_What you are asked to do_. Print, with no pictures, the exact lines that run from the one containing "Volkswagen Voyage Nuevo" through the last line of the material below, both ends included.

_Recorded information_.

....

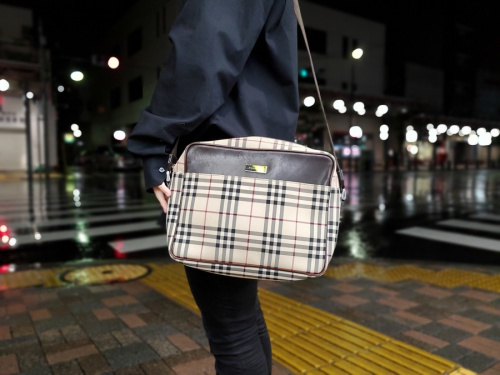 インポートブランドのBURBERRY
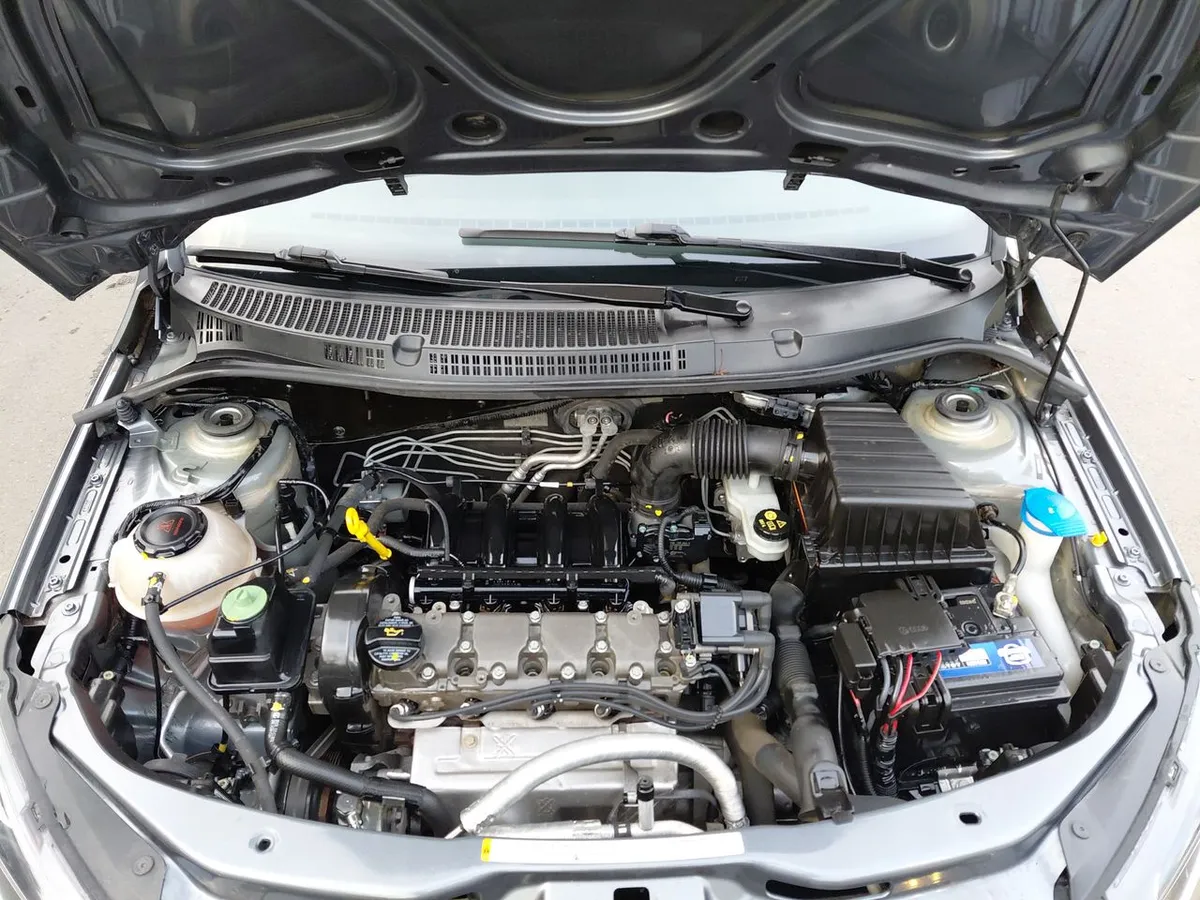 Volkswagen Voyage Nuevo 1.6 Highline Mt 4p año 2021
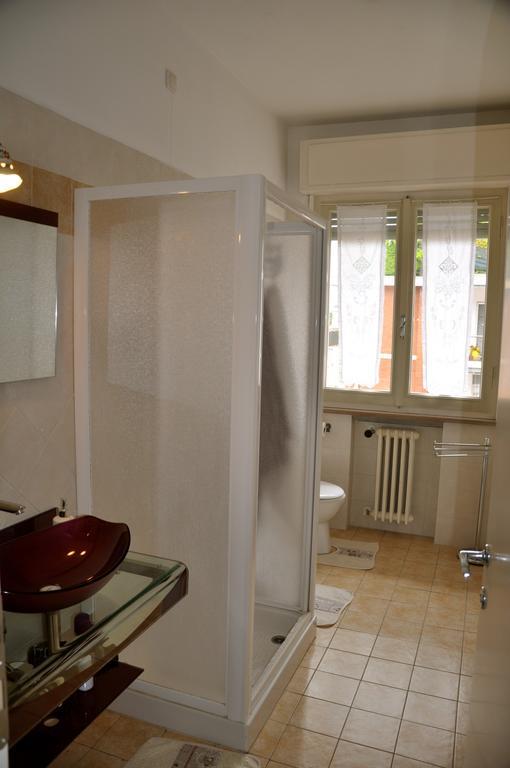 Apartment Montebello Parma Exteriör bild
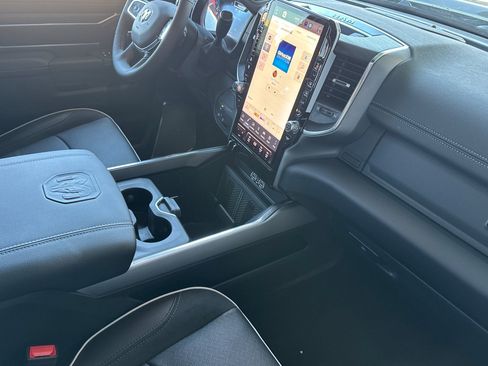 New 2026 RAM 2500 Laramie AWD/4WD image 14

....

_Task response_.
 Volkswagen Voyage Nuevo 1.6 Highline Mt 4p año 2021
 Apartment Montebello Parma Exteriör bild
 New 2026 RAM 2500 Laramie AWD/4WD image 14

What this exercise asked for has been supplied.